Prevalence of Internalized HIV-Related Stigma Among HIV-Infected Adults in Care, United States, 2011–2013

  • Amy R. BaugherEmail author
  • Linda Beer
  • Jennifer L. Fagan
  • Christine L. Mattson
  • Mark Freedman
  • Jacek Skarbinski
  • R. Luke Shouse
  • for the Medical Monitoring Project
Original Paper

Abstract

HIV-infected U.S. adults have reported internalized HIV-related stigma; however, the national prevalence of stigma is unknown. We sought to determine HIV-related stigma prevalence among adults in care, describe which socio-demographic groups bear the greatest stigma burden, and assess the association between stigma and sustained HIV viral suppression. The Medical Monitoring Project measures characteristics of U.S. HIV-infected adults receiving care using a national probability sample. We used weighted data collected from June 2011 to May 2014 and assessed self-reported internalized stigma based on agreement with six statements. Overall, 79.1% endorsed ≥1 HIV-related stigma statements (n = 13,841). The average stigma score was 2.4 (out of a possible high score of six). White males had the lowest stigma scores while Hispanic/Latina females and transgender persons who were multiracial or other race had the highest. Although stigma was associated with viral suppression, it was no longer associated after adjusting for age. Stigma was common among HIV-infected adults in care. Results suggest individual and community stigma interventions may be needed, particularly among those who are <50 years old or Hispanic/Latino. Stigma was not independently associated with viral suppression; however, this sample was limited to adults in care. Examining HIV-infected persons not in care may elucidate stigma’s association with viral suppression.

Keywords

Stigma HIV Viral suppression United States Age 

Resumen

Individuos viviendo con el VIH en los EEUU experimentan internalización de estigma asociado con el VIH. No obstante, la prevalencia del estigma asociado con el VIH en los EEUU es desconocida. Este estudio intenta: determinar la prevalencia del estigma asociada con el VIH entre adultos recibiendo cuidado médico, describir cuales grupos socio-demográficos experimentan la carga mayor de estigma, y evaluar la asociación entre el estigma y la continua supresión viral del VIH. El Proyecto de Monitoreo Medico evalúa las características de adultos viviendo con VIH en los EEUU y que reciben atención médica. MMP utiliza una muestra probabilística con representatividad nacional. Los datos fueron coleccionados de junio 2011–mayo 2014. Medimos el estigma utilizando un cuestionario enfocado en los diferentes aspectos del estigma que sufren las personas viviendo con VIH. Todas las estimaciones fueron calculadas utilizando pesos estadísticos. En general, 79.1% estuvieron de acuerdo con ≥1 afirmaciones de estigma asociada con el VIH. El puntaje promedio de estigma fue 2.4 (de un puntaje posible de six). Hombres de raza blanca tuvieron el puntaje de estigma más bajo mientras mujeres Hispanas/Latinas y personas transgénero multirraciales o de otra raza tuvieron el puntaje de estigma más alto. Se detectó una asociación ente el nivel de estigma y la supresión viral del VIH, pero esta asociación dejó de ser significativa después de ajustar para la edad. Experiencias de estigma fueron comunes entre los adultos recibiendo cuidado médico para el VIH. Los resultados sugieren que intervenciones comunitarias e individuales pueden ser necesarias, especialmente entre aquellos <50 años de edad o entre Hispanos/Latinos.

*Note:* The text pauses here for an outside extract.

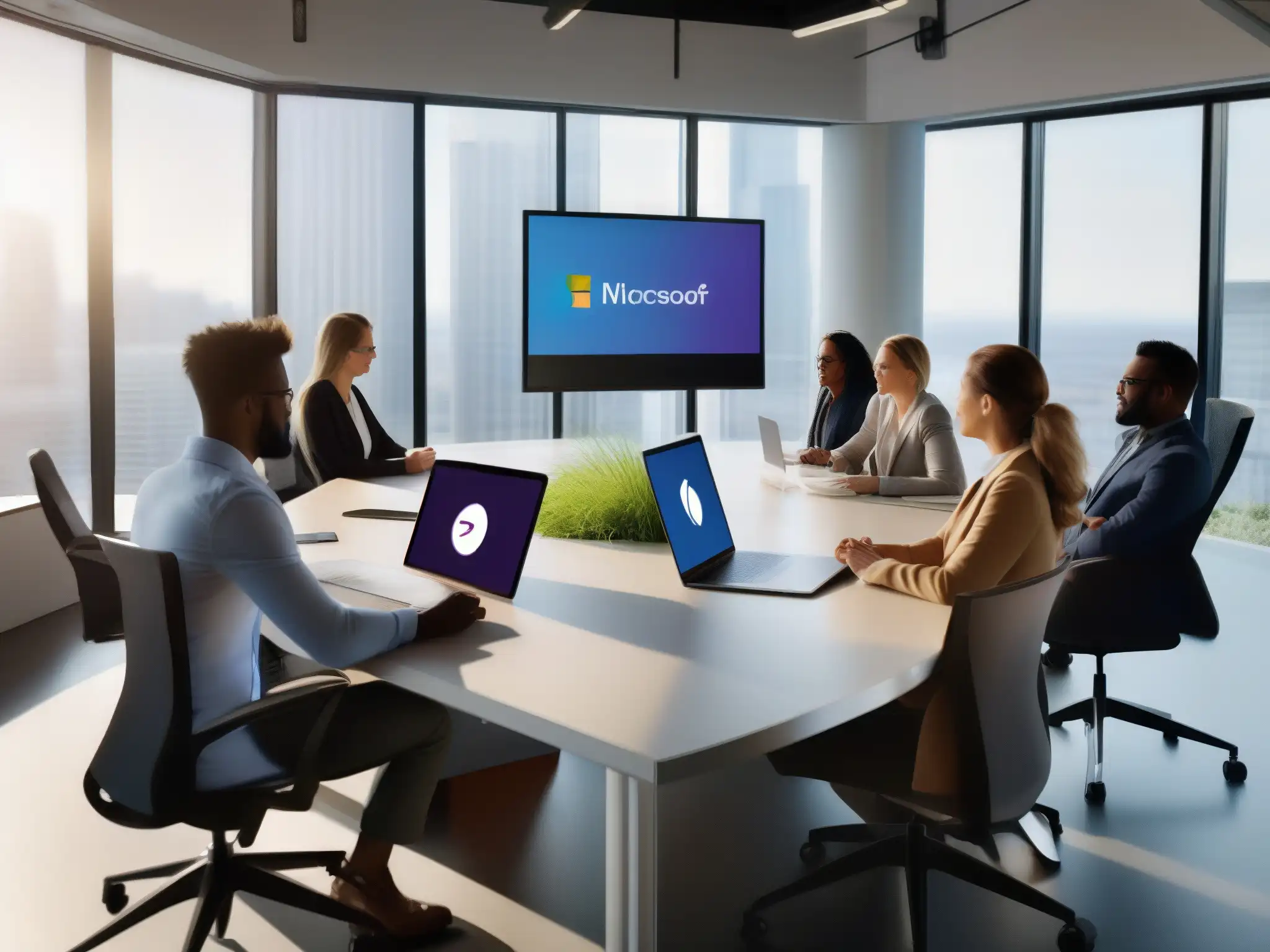 Reunión virtual en oficina moderna con Microsoft Teams Profesionales colaborando en una videoconferencia productiva con Microsoft Teams en una oficina moderna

No hubo relación independiente entre la supresión viral y estigma. Sin embargo, nuestro muestreo está limitado a personas recibiendo cuidado médico. Esta asociación podría ser más clara en individuos viviendo con VIH que no tienen acceso a cuidados médicos.

Palabras claves

Estigma VIH Supresión viral Los Estados Unidos Edad 

Notes

Acknowledgements

We thank participating MMP patients, facilities, project areas, and Provider and Community Advisory Board members. We thank Mabel Padilla for translating the abstract into Spanish. We also acknowledge the contributions of the Clinical Outcomes Team and Behavioral and Clinical Surveillance Branch at CDC and the MMP Study Group Members (http://www.cdc.gov/hiv/statistics/systems/mmp/resources.html#StudyGroupMembers).

Disclaimer

The findings and conclusions in this report are those of the authors and do not necessarily represent the views of the Centers for Disease Control and Prevention (CDC).

Funding

The Medical Monitoring Project (MMP) is funded by the Centers for Disease Control and Prevention.

Compliance with Ethical Standards

Conflict of interest

All authors declare no conflicts of interest.

Ethical Approval

The National Center for HIV/AIDS, Viral Hepatitis, STD, and TB Prevention determined that MMP was a public health surveillance activity and not subject to federal institutional review board review. However, some jurisdictions obtained approval from local Institutional Review Boards.

Informed Consent

All participants provided informed consent.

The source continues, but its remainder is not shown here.